__Aim of the exercise__.
Pictures in the records below must be left out. Return exactly the lines from the line with "Fiji Day 1970" to the line with "Download Ethiopia Commercial", both included.

__Data to process__.
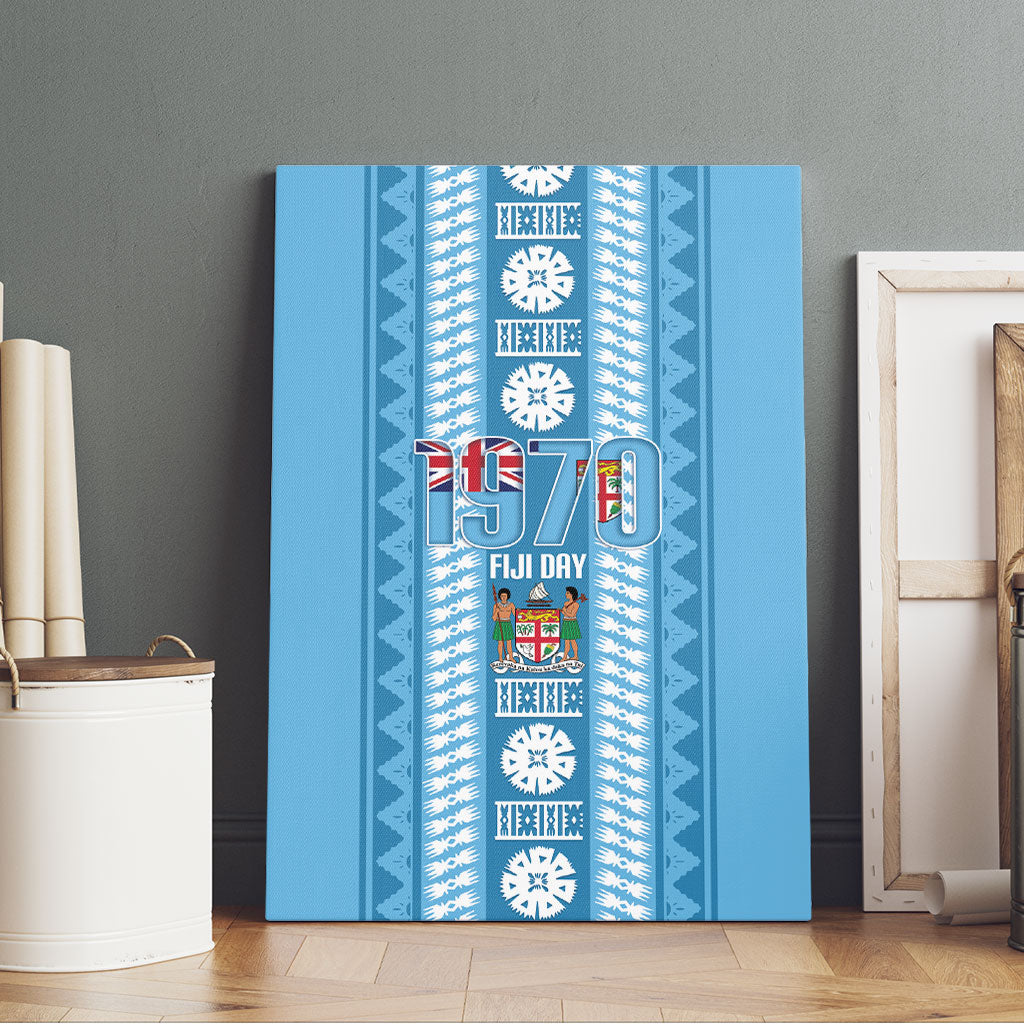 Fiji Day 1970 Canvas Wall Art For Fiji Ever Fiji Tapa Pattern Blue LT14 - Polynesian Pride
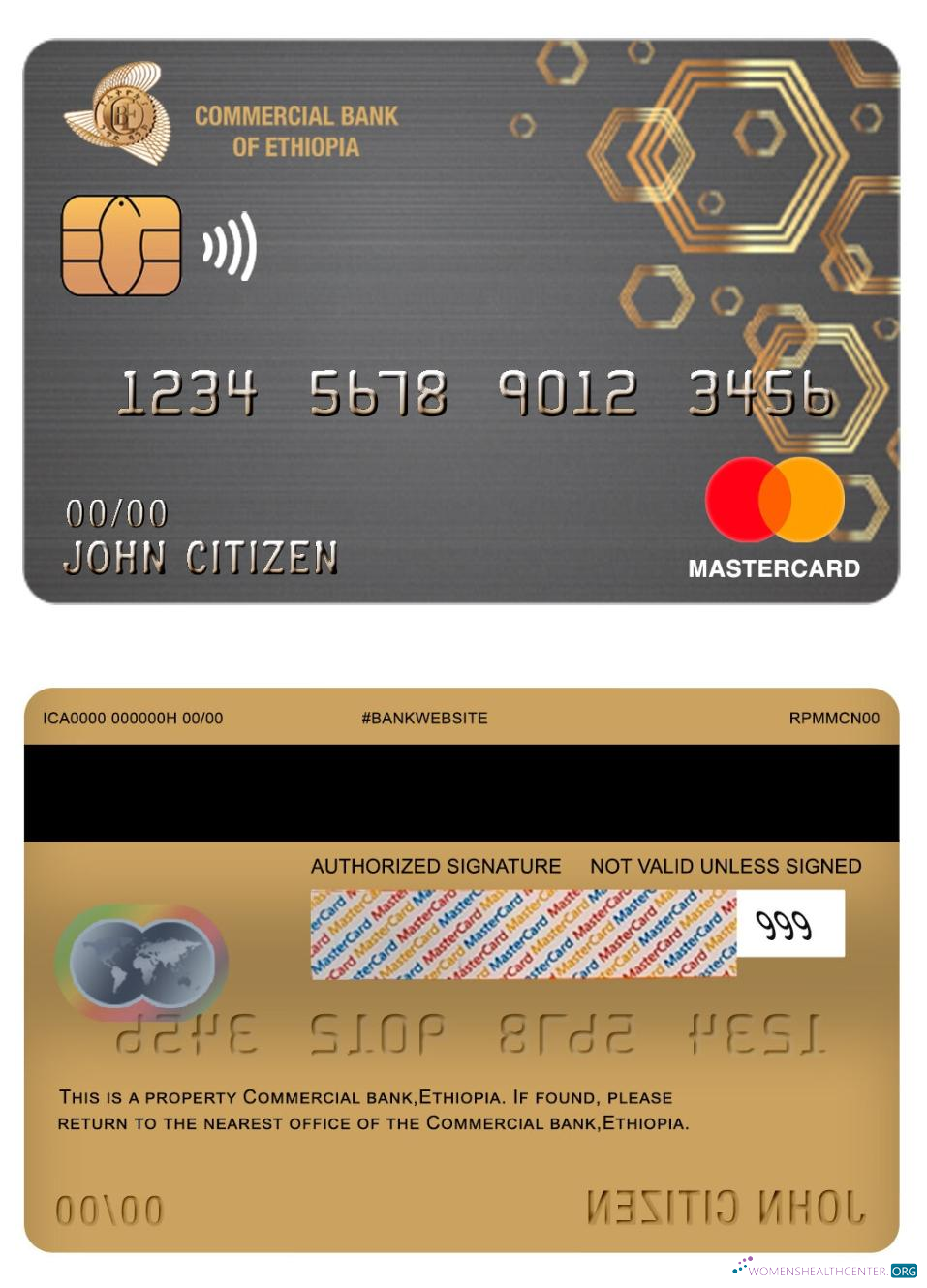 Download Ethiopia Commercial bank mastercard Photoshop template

---

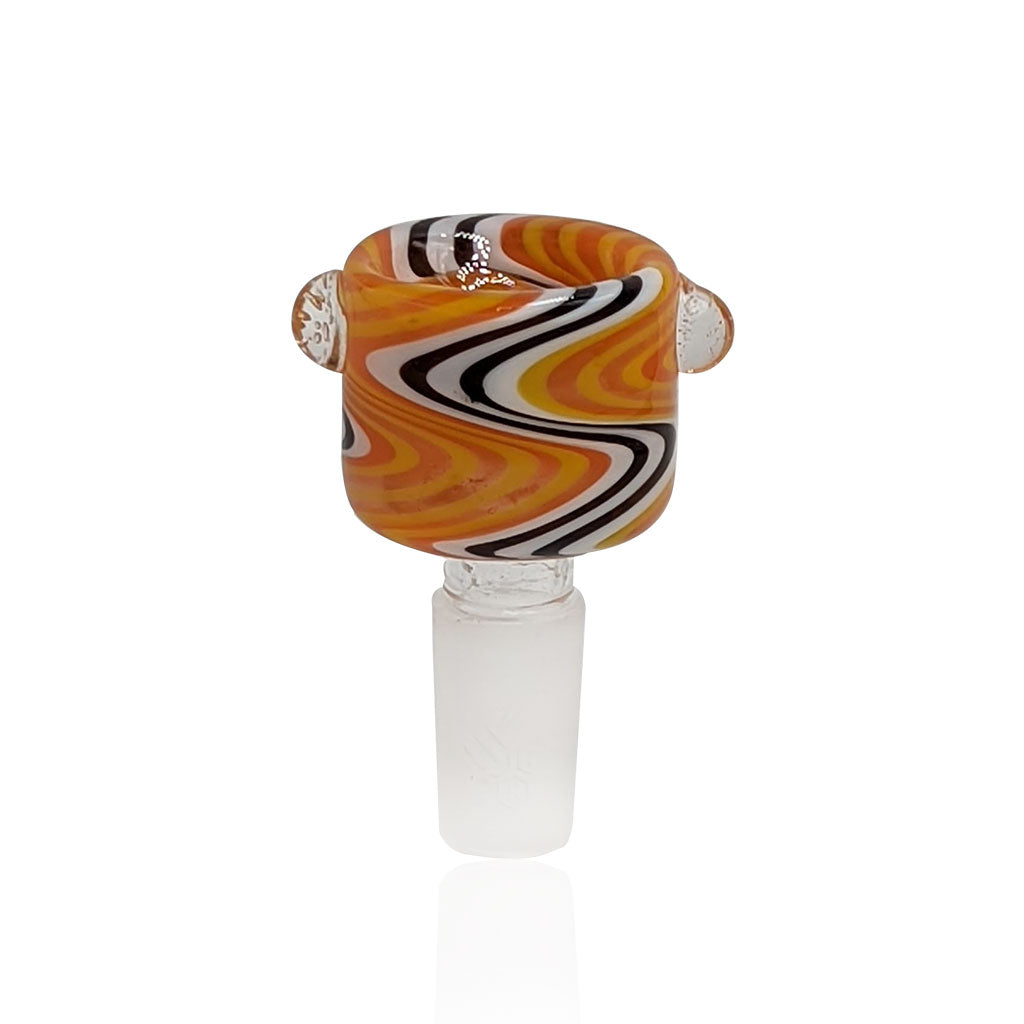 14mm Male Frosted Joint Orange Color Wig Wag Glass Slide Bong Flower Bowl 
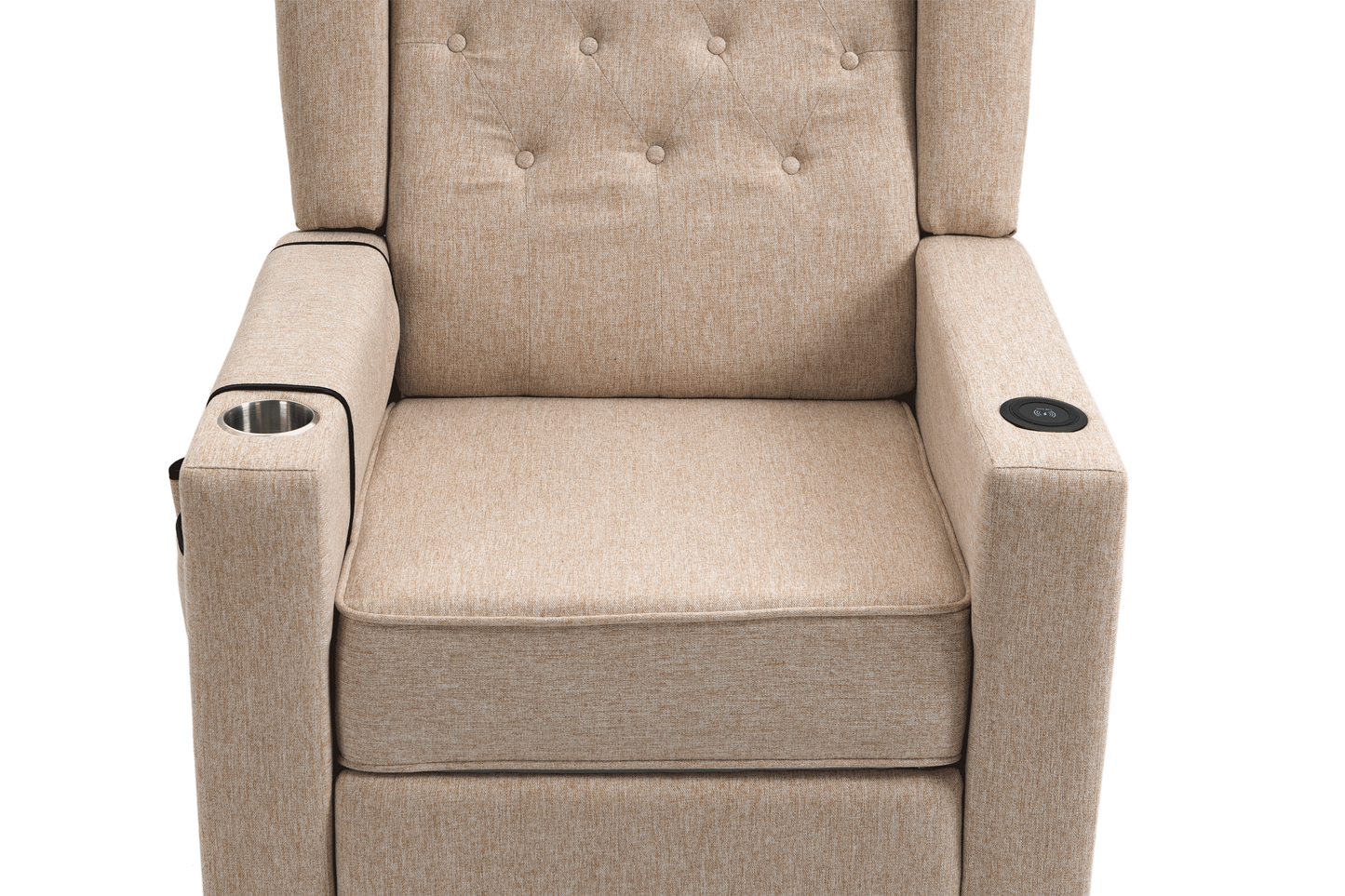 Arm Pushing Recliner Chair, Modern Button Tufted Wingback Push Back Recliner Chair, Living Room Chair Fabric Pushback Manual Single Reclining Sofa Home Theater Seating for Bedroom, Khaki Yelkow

* * *

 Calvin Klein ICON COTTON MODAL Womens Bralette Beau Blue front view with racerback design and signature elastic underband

__Response for this exercise__.
 Fiji Day 1970 Canvas Wall Art For Fiji Ever Fiji Tapa Pattern Blue LT14 - Polynesian Pride
 Download Ethiopia Commercial bank mastercard Photoshop template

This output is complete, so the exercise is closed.